After yet another disappointing round with your teenager over the same old issues, you find yourself weirdly acting and behaving like your parents. Shocked by the realization that you might be turning into the very parent you swore you would never become, you become frustrated and feel guilty. But where is this guilt coming from? Acting like your parents in and of itself should not produce guilt so why do you feel guilty?
Tucked away in the laws of Leviticus are two small verses which explain this guilty feeling. Leviticus 5:4-5 reads, “‘Or suppose you make a foolish vow of any kind, whether its purpose is for good or for bad. When you realize its foolishness, you must admit your guilt. When you become aware of your guilt in any of these ways, you must confess your sin.'”

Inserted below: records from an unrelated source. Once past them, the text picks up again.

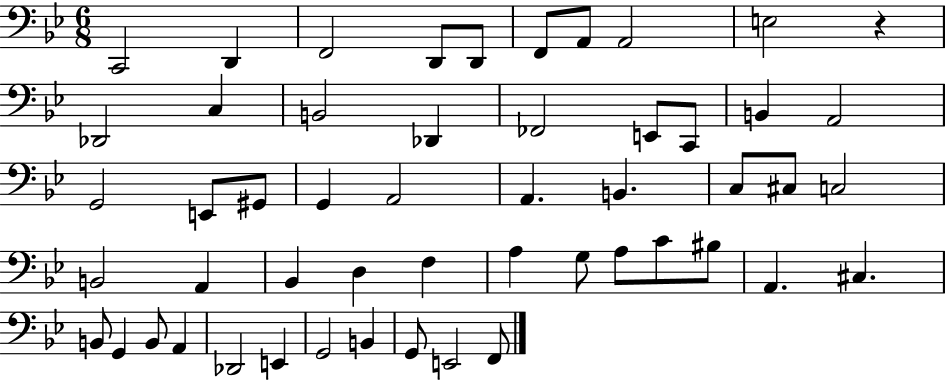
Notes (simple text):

C2/h D2/q F2/h D2/e D2/e F2/e A2/e A2/h E3/h R/q Db2/h C3/q B2/h Db2/q FES2/h E2/e C2/e B2/q A2/h G2/h E2/e G#2/e G2/q A2/h A2/q. B2/q. C3/e C#3/e C3/h B2/h A2/q Bb2/q D3/q F3/q A3/q G3/e A3/e C4/e BIS3/e A2/q. C#3/q. B2/e G2/q B2/e A2/q Db2/h E2/q G2/h B2/q G2/e E2/h F2/e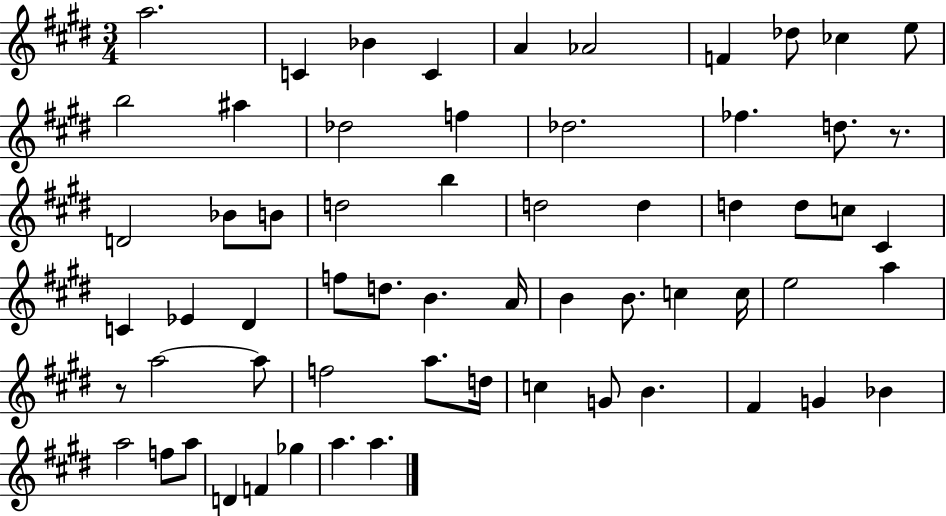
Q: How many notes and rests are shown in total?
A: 62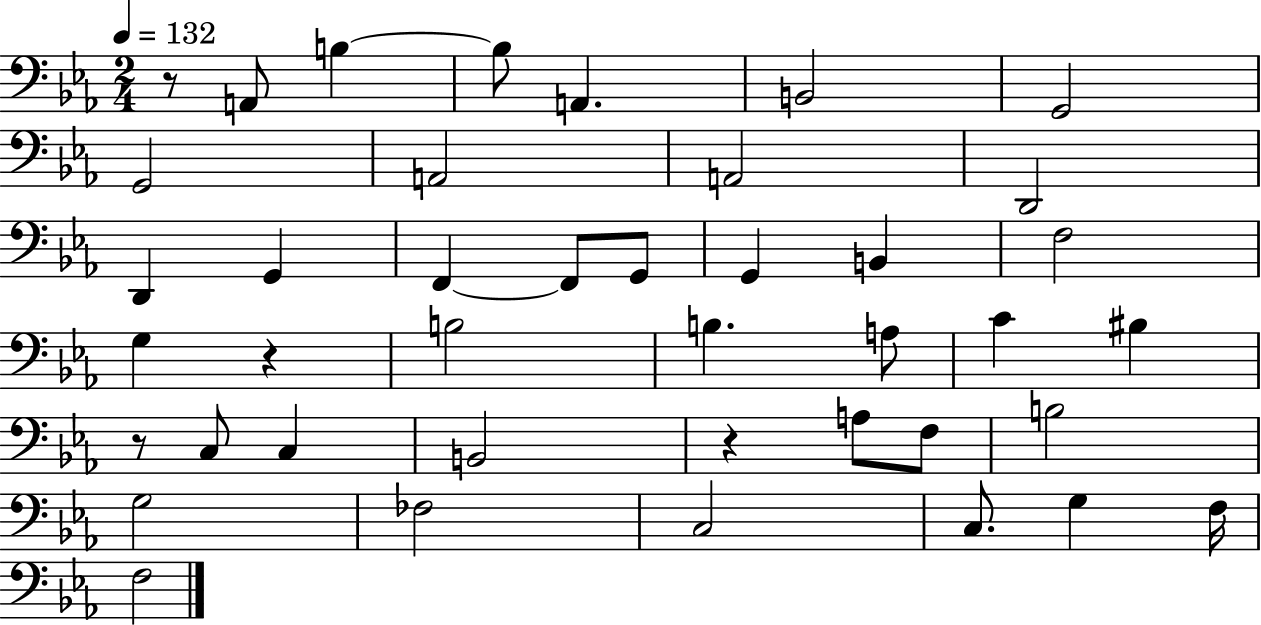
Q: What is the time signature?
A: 2/4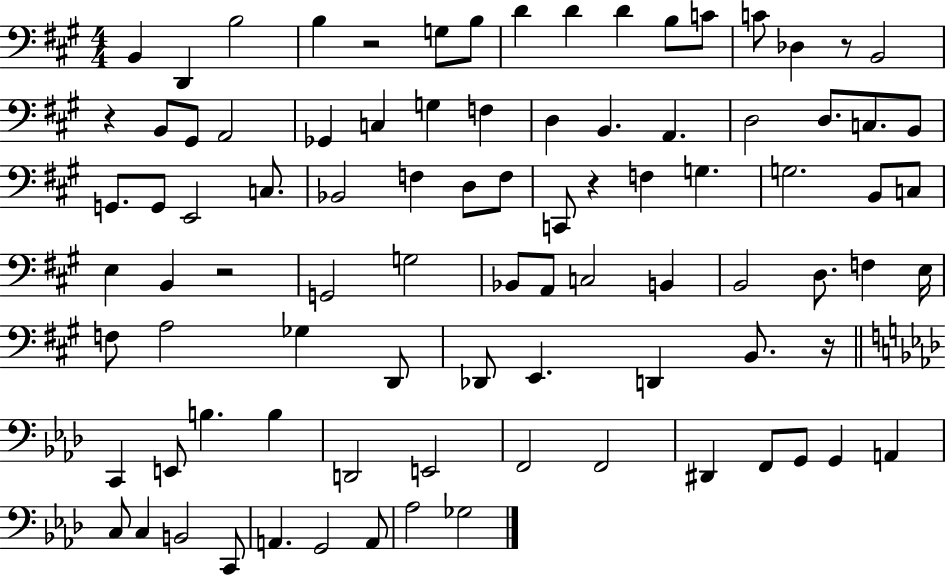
{
  \clef bass
  \numericTimeSignature
  \time 4/4
  \key a \major
  b,4 d,4 b2 | b4 r2 g8 b8 | d'4 d'4 d'4 b8 c'8 | c'8 des4 r8 b,2 | \break r4 b,8 gis,8 a,2 | ges,4 c4 g4 f4 | d4 b,4. a,4. | d2 d8. c8. b,8 | \break g,8. g,8 e,2 c8. | bes,2 f4 d8 f8 | c,8 r4 f4 g4. | g2. b,8 c8 | \break e4 b,4 r2 | g,2 g2 | bes,8 a,8 c2 b,4 | b,2 d8. f4 e16 | \break f8 a2 ges4 d,8 | des,8 e,4. d,4 b,8. r16 | \bar "||" \break \key aes \major c,4 e,8 b4. b4 | d,2 e,2 | f,2 f,2 | dis,4 f,8 g,8 g,4 a,4 | \break c8 c4 b,2 c,8 | a,4. g,2 a,8 | aes2 ges2 | \bar "|."
}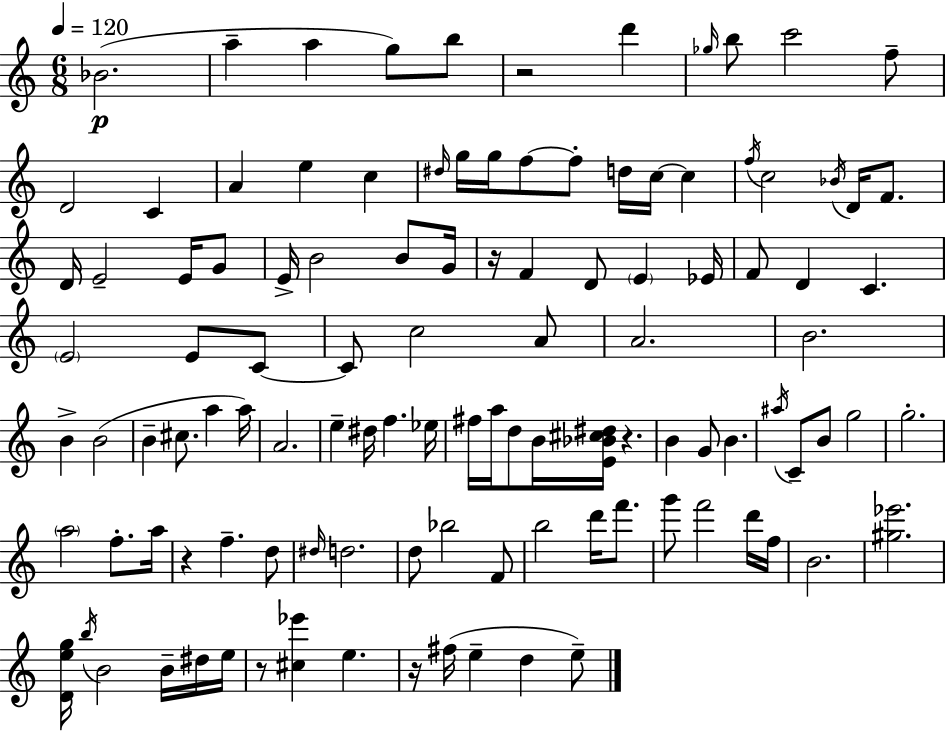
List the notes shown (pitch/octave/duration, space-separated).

Bb4/h. A5/q A5/q G5/e B5/e R/h D6/q Gb5/s B5/e C6/h F5/e D4/h C4/q A4/q E5/q C5/q D#5/s G5/s G5/s F5/e F5/e D5/s C5/s C5/q F5/s C5/h Bb4/s D4/s F4/e. D4/s E4/h E4/s G4/e E4/s B4/h B4/e G4/s R/s F4/q D4/e E4/q Eb4/s F4/e D4/q C4/q. E4/h E4/e C4/e C4/e C5/h A4/e A4/h. B4/h. B4/q B4/h B4/q C#5/e. A5/q A5/s A4/h. E5/q D#5/s F5/q. Eb5/s F#5/s A5/s D5/e B4/s [E4,Bb4,C#5,D#5]/s R/q. B4/q G4/e B4/q. A#5/s C4/e B4/e G5/h G5/h. A5/h F5/e. A5/s R/q F5/q. D5/e D#5/s D5/h. D5/e Bb5/h F4/e B5/h D6/s F6/e. G6/e F6/h D6/s F5/s B4/h. [G#5,Eb6]/h. [D4,E5,G5]/s B5/s B4/h B4/s D#5/s E5/s R/e [C#5,Eb6]/q E5/q. R/s F#5/s E5/q D5/q E5/e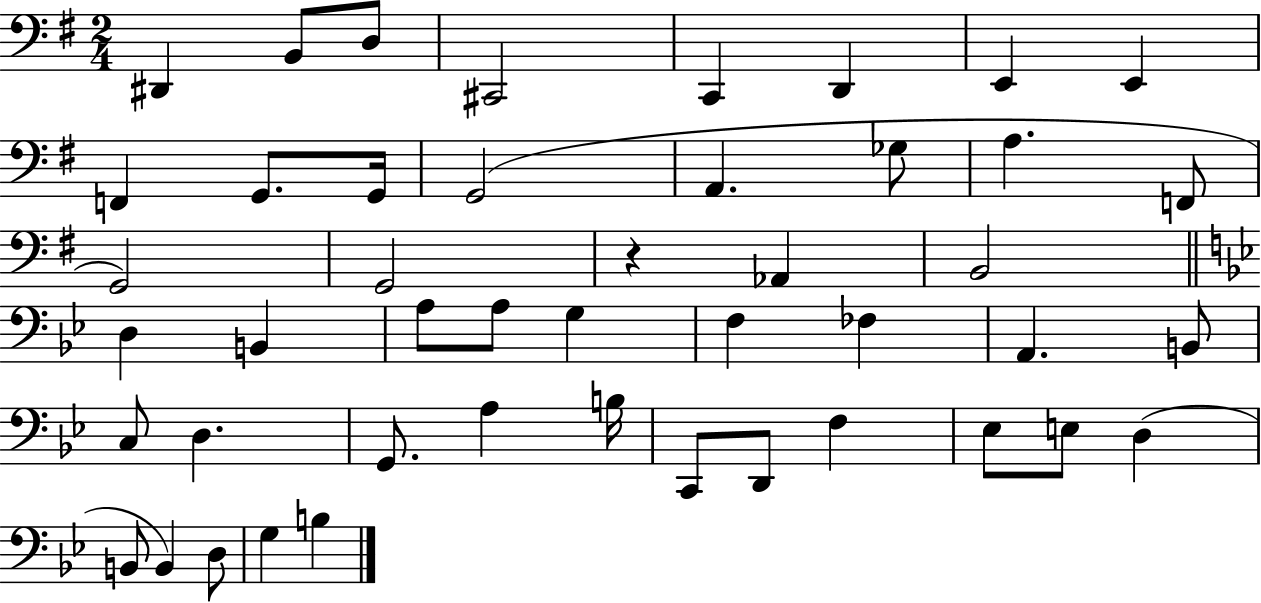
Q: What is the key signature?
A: G major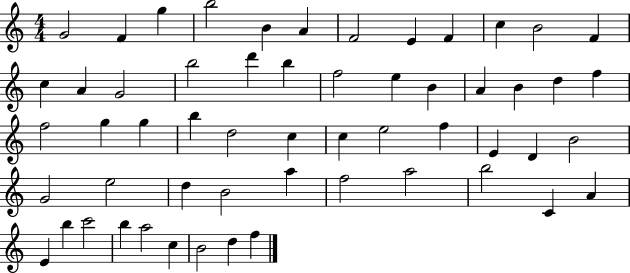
G4/h F4/q G5/q B5/h B4/q A4/q F4/h E4/q F4/q C5/q B4/h F4/q C5/q A4/q G4/h B5/h D6/q B5/q F5/h E5/q B4/q A4/q B4/q D5/q F5/q F5/h G5/q G5/q B5/q D5/h C5/q C5/q E5/h F5/q E4/q D4/q B4/h G4/h E5/h D5/q B4/h A5/q F5/h A5/h B5/h C4/q A4/q E4/q B5/q C6/h B5/q A5/h C5/q B4/h D5/q F5/q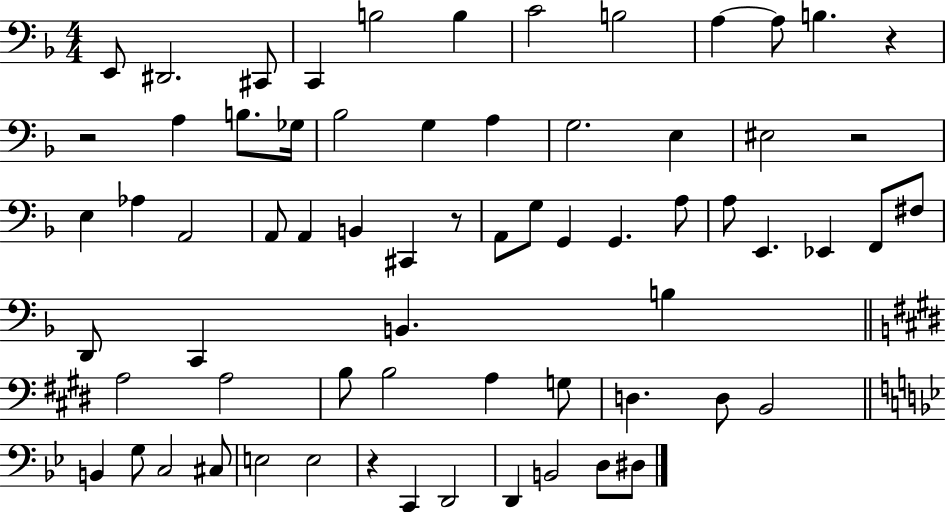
{
  \clef bass
  \numericTimeSignature
  \time 4/4
  \key f \major
  \repeat volta 2 { e,8 dis,2. cis,8 | c,4 b2 b4 | c'2 b2 | a4~~ a8 b4. r4 | \break r2 a4 b8. ges16 | bes2 g4 a4 | g2. e4 | eis2 r2 | \break e4 aes4 a,2 | a,8 a,4 b,4 cis,4 r8 | a,8 g8 g,4 g,4. a8 | a8 e,4. ees,4 f,8 fis8 | \break d,8 c,4 b,4. b4 | \bar "||" \break \key e \major a2 a2 | b8 b2 a4 g8 | d4. d8 b,2 | \bar "||" \break \key bes \major b,4 g8 c2 cis8 | e2 e2 | r4 c,4 d,2 | d,4 b,2 d8 dis8 | \break } \bar "|."
}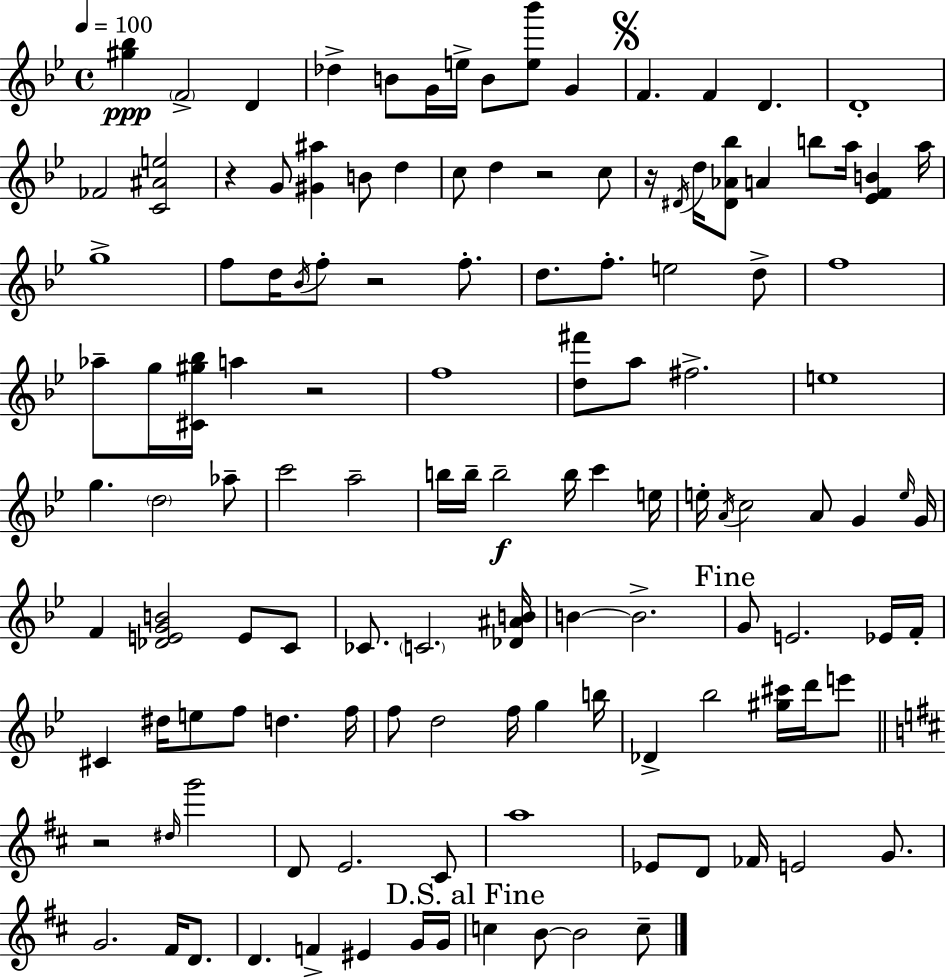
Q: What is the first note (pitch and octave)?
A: F4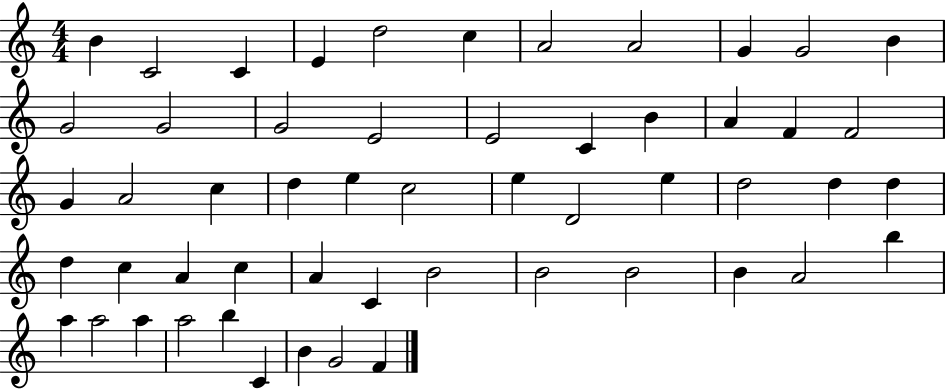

While it may not seem like a big vow, “I’ll never act like my parents” and is more reactionary than intentional, it is a vow made to yourself nonetheless. It really makes no difference if the vow is made to another person or made to yourself, it is still binding. And whether or not you consciously remember making the vow is really irrelevant because at an unconscious level, you do remember it and are still holding yourself accountable. Otherwise, you would not feel guilty.
So now what. When you realize that the vow is foolish, you must acknowledge the foolishness, admit you are breaking the vow, ask for forgiveness, and decide not to do it again. But be careful or you might be tempted to make yet another vow that you will “never do this again”. Instead, follow Jesus’ advice in Matthew 5:33-37.
“You have also heard that our ancestors were told, ‘You must not break your vows; you must carry out the vows you make to the Lord.’ But I say, do not make any vows! Do not say, ‘By heaven!’ because heaven is God’s throne. And do not say, ‘By the earth!’ because the earth is his footstool. And do not say, ‘By Jerusalem!’ for Jerusalem is the city of the great King. Do not even say, ‘By my head!’ for you can’t turn one hair white or black. Just say a simple, ‘Yes, I will,’ or ‘No, I won’t.’ Anything beyond this is from the evil one.”
Rather than making another vow about making a vow, just say to yourself “I won’t do this”. Better yet, take a few moments to recall all of the times you have said, “I swear to God” or “I’ll never” and ask for forgiveness for your foolishness in making the vow in the first place. While your intentions may have been good at the time, remember the verse above about vows being made for both good and bad purposes, your inability to carry out the vow will result in feelings of guilt and remorse.
Once forgiven, view the vow as broken and allow God’s mercy to release you from its’ chains. This loving gift from God of freedom from our sins and our guilt is liberating and comes only from a belief in Jesus Christ. He did not intend for us to be free just from the “big sins” in our life, but also from the little vows that we make which bind us unintentionally. Spend some time in prayer this morning and get free.